Pembayaran cashless semakin populer di kalangan siswa SMA di Jepang. Menurut survei MMD Labo Inc. yang dilakukan pada Juli lalu terhadap 1.114 siswa berusia 15–18 tahun, 62,1% siswa sudah pernah menggunakan pembayaran cashless dalam 6 bulan terakhir.
Metode paling banyak dipakai adalah pembayaran dengan QR code (50,8%), mengalahkan e-money tanpa kontak dan kartu kredit dengan sistem tap.
Dari 300 siswa yang memakai QR code payment, 74,7% menggunakannya untuk transfer ke keluarga, misalnya untuk uang saku atau penggantian biaya belanja keluarga.
Contohnya, seorang ayah 56 tahun di Tokyo memberikan separuh dari uang saku bulanan anaknya (4.000 yen atau sekitar Rp370 ribu) lewat aplikasi PayPay.
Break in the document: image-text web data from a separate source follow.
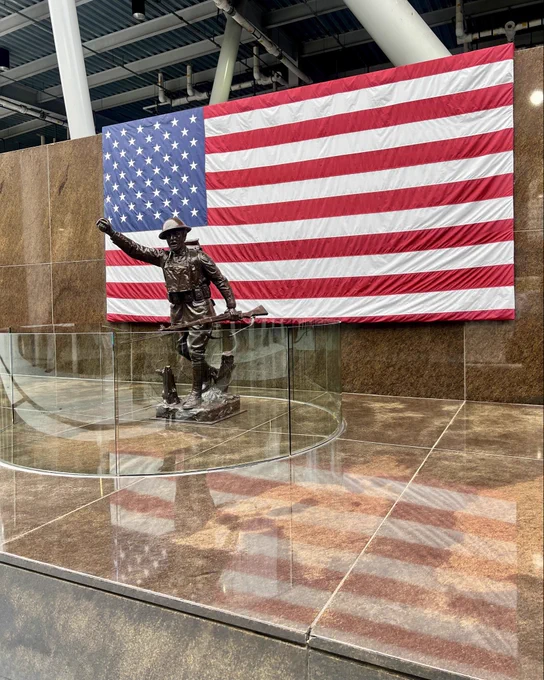 Photo of bronze military statue and American flag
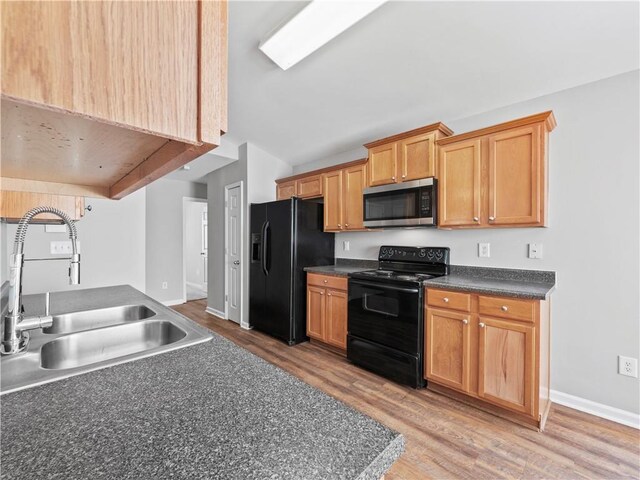 498 Walnut Woods Dr, Braselton, GA 30517 - kitchen with dark countertops, a sink, light wood-style flooring, lofted ceiling, and black appliances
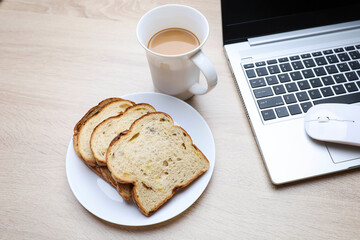 Slices of bread with a cup of coffee and laptop on wooden table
Sang anak merasa lebih praktis untuk urusan patungan dengan teman atau belanja tanpa bawa dompet. Tapi ayahnya khawatir karena uang digital itu cepat habis. “Biasanya dalam seminggu sudah habis. Saya takut anak jadi lebih boros karena terlalu gampang dipakai,” ujarnya.
Menurut Yoko Yagi, perencana keuangan sekaligus ketua Kid’s Money Station, pembayaran cashless memang praktis, tapi membuat anak-anak sulit merasakan nilai uang yang sebenarnya. Kalau uang tunai jelas terlihat saat berpindah tangan, sementara cashless hanya berupa angka di layar. Akibatnya, rasa “sayang uang” bisa berkurang.
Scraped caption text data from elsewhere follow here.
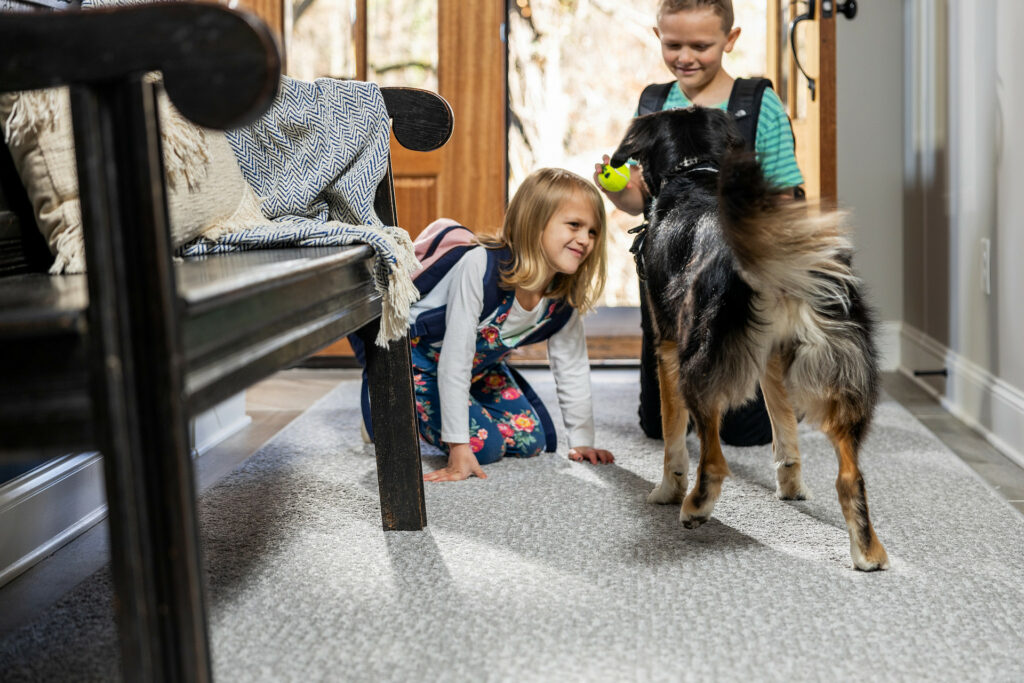 Kids playing with dog | Gil's Carpets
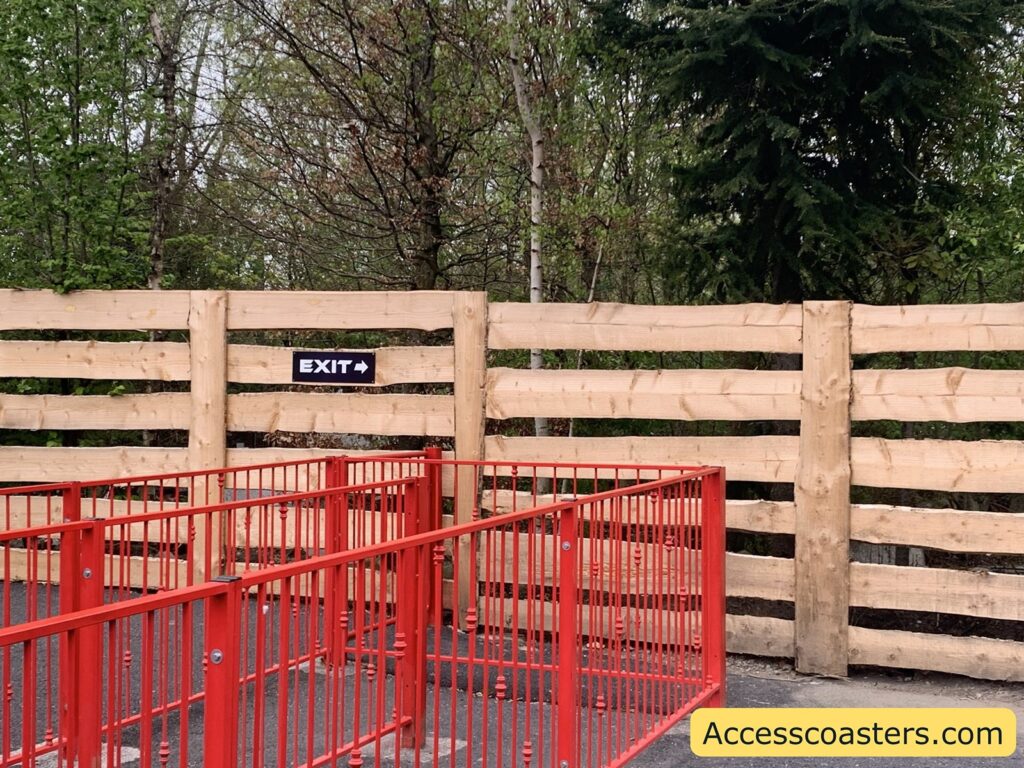 Image shows red railings formed to make a queue line and a sign next to the railing tha reads exit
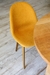 Silla Nina tapizada con patas de madera en internet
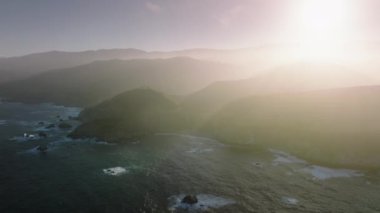 Highway 1 through the coastline by the Pacific Ocean. Aerial view of California Scenic Byway with sunset skyline in the background. High quality 4k footage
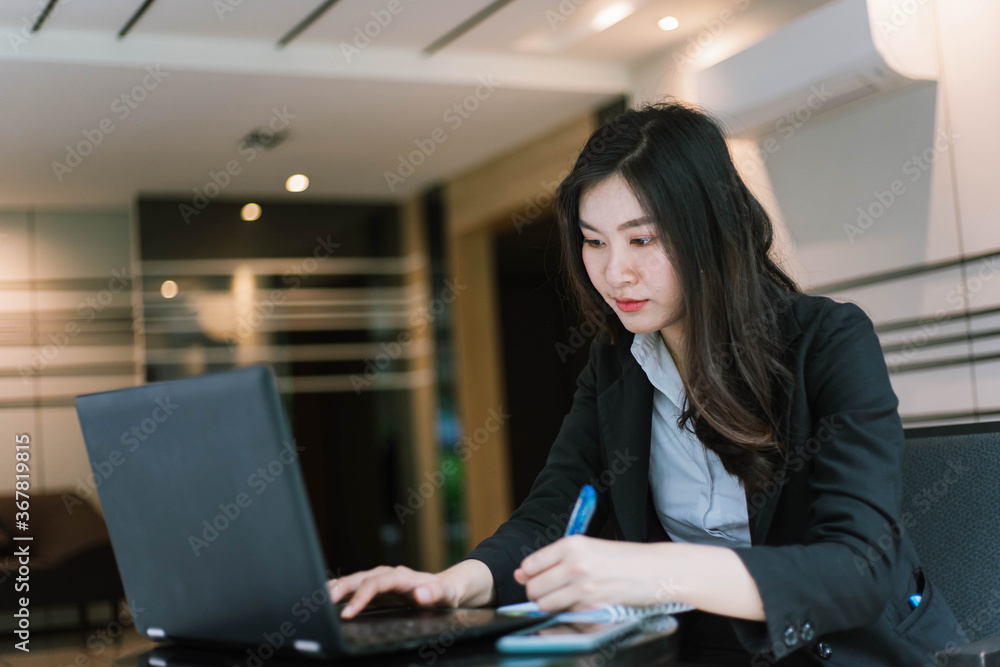 asian business woman using laptop computer in office asian business woman using laptop computer in office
Yagi menyarankan orang tua tetap memulai dengan uang saku tunai agar anak paham nilai uang, lalu bertahap mengenalkan cashless. Ia juga mengingatkan bahaya penggunaan layanan bayar tunda (deferred payment) tanpa pengawasan orang tua, karena bisa memicu masalah keuangan.
“Yang paling penting adalah membangun komunikasi terbuka soal uang antara orang tua dan anak. Dengan begitu, anak bisa belajar mengatur keuangan sekaligus merasa aman untuk bertanya ketika menghadapi masalah,” kata Yagi.